Segment Open

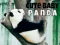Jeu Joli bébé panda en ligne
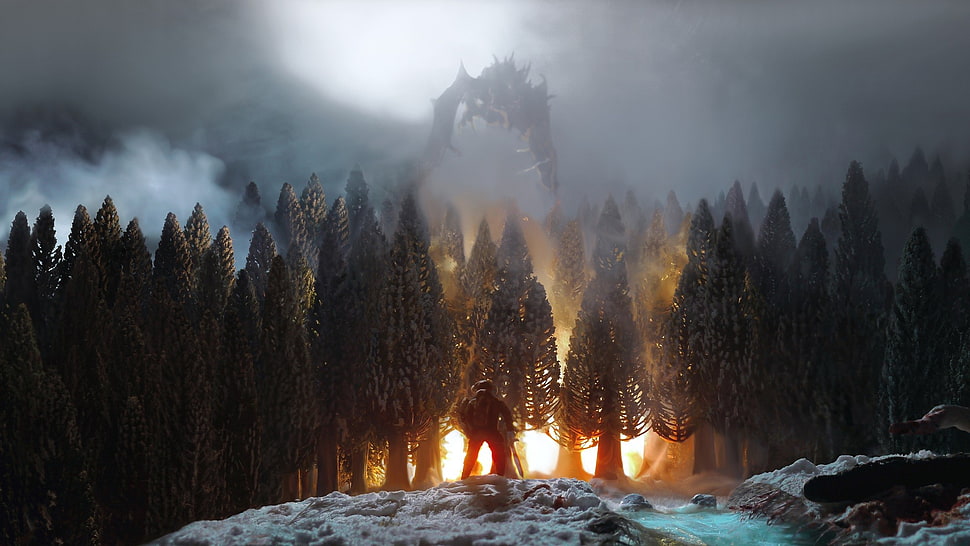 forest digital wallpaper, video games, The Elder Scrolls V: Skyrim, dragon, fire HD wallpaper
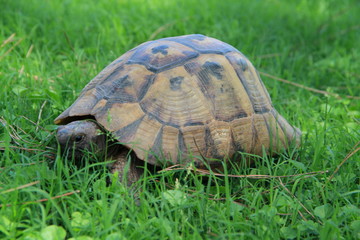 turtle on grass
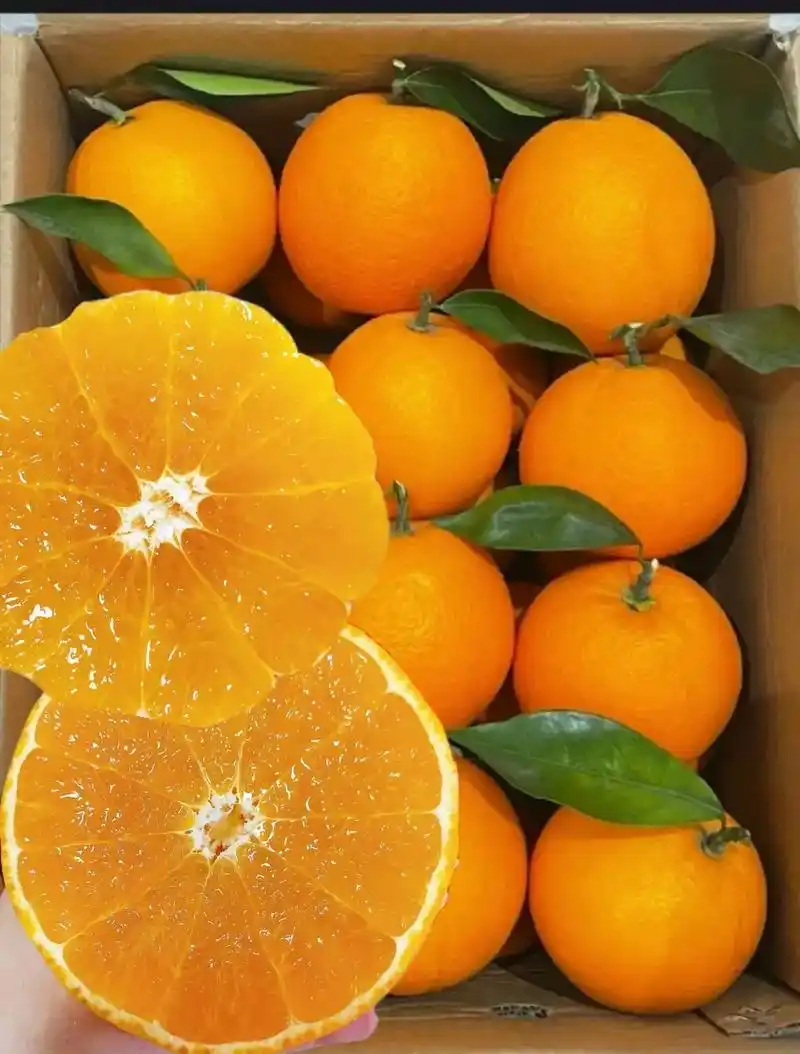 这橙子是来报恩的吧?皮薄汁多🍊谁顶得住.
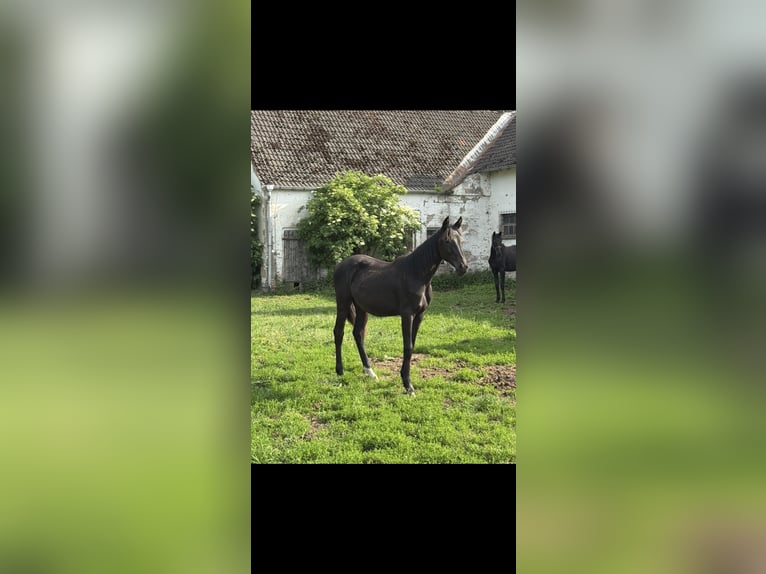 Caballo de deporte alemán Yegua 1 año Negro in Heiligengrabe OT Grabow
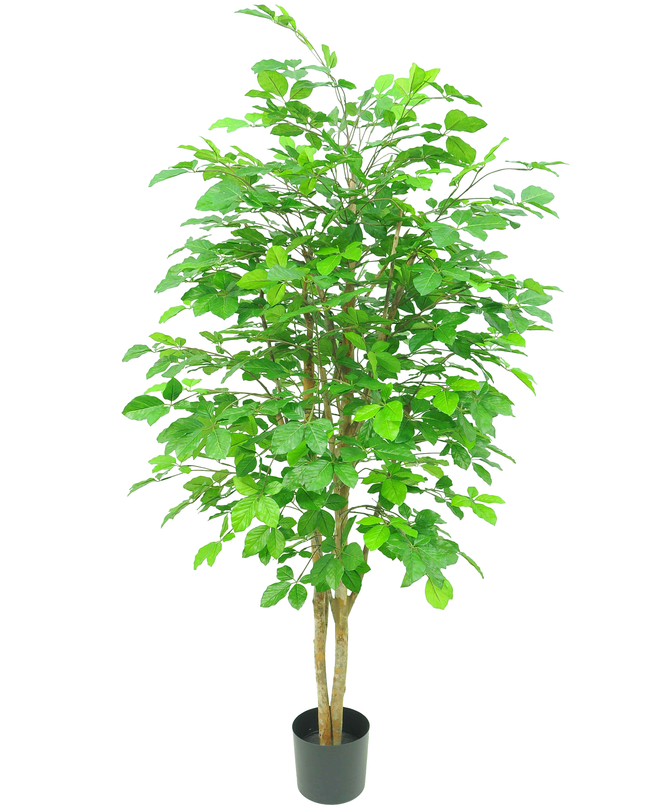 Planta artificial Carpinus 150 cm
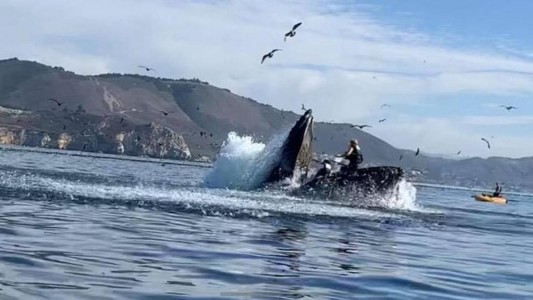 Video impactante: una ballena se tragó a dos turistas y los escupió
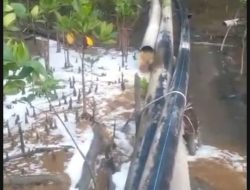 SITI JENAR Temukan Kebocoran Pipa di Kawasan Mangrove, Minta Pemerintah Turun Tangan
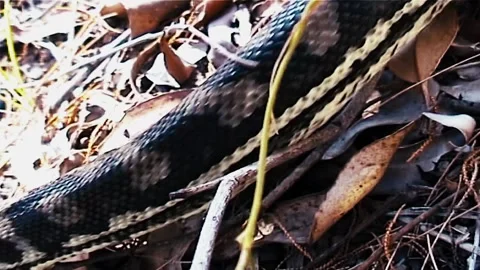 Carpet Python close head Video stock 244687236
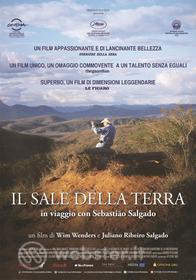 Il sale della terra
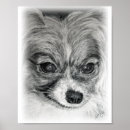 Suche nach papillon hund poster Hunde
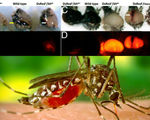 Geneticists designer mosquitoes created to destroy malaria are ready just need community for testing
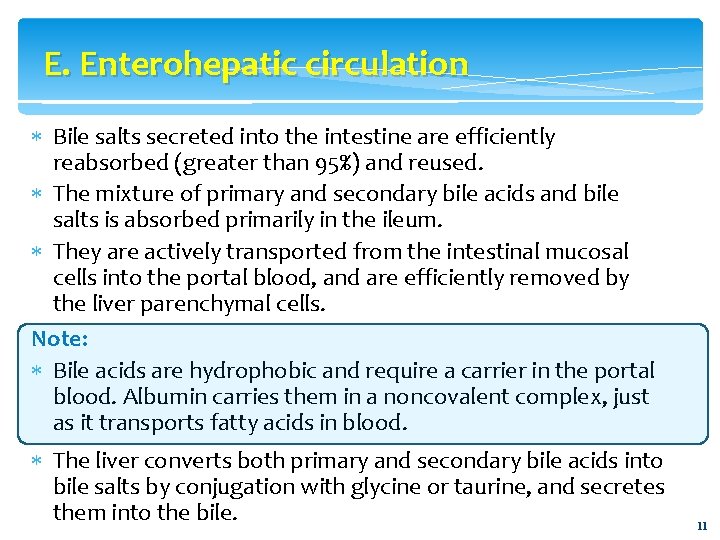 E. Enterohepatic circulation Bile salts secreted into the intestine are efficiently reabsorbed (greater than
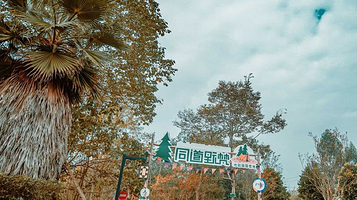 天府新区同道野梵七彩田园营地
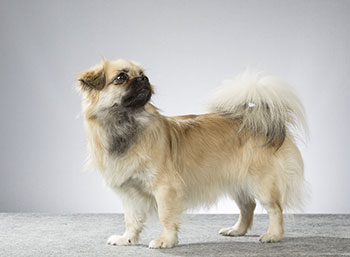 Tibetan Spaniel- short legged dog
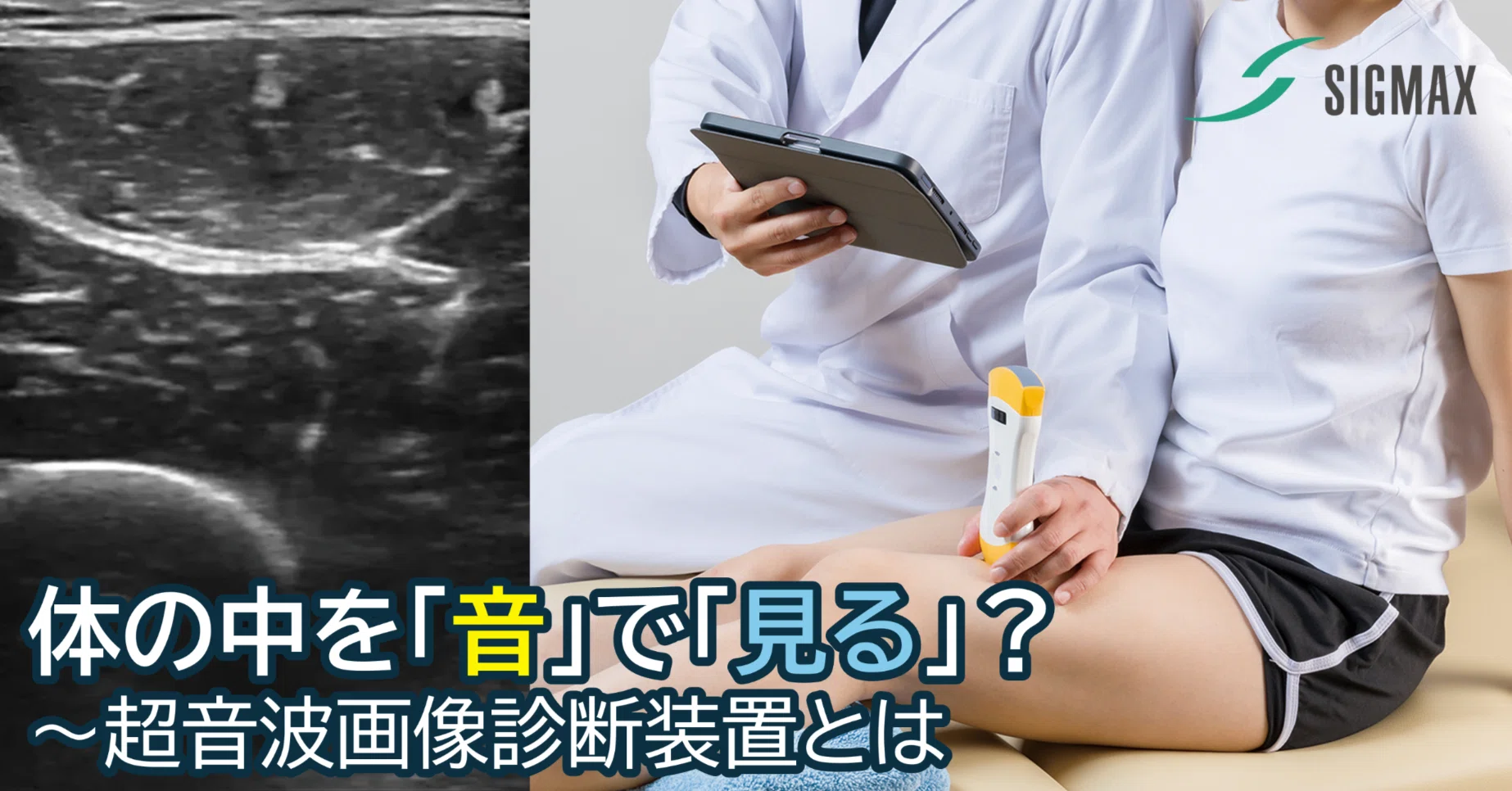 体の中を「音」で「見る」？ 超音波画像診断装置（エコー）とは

Segment Closed

* AIM OF THE EXERCISE: Would you retype every record above exactly, leaving out the pictures?

* RESULT OF THE EXERCISE:
Jeu Joli bébé panda en ligne
 forest digital wallpaper, video games, The Elder Scrolls V: Skyrim, dragon, fire HD wallpaper
 turtle on grass
 这橙子是来报恩的吧?皮薄汁多🍊谁顶得住.
 Caballo de deporte alemán Yegua 1 año Negro in Heiligengrabe OT Grabow
 Planta artificial Carpinus 150 cm
 Video impactante: una ballena se tragó a dos turistas y los escupió
 SITI JENAR Temukan Kebocoran Pipa di Kawasan Mangrove, Minta Pemerintah Turun Tangan
 Carpet Python close head Video stock 244687236
 Il sale della terra
 Suche nach papillon hund poster Hunde
 Geneticists designer mosquitoes created to destroy malaria are ready just need community for testing
 E. Enterohepatic circulation Bile salts secreted into the intestine are efficiently reabsorbed (greater than
 天府新区同道野梵七彩田园营地
 Tibetan Spaniel- short legged dog
 体の中を「音」で「見る」？ 超音波画像診断装置（エコー）とは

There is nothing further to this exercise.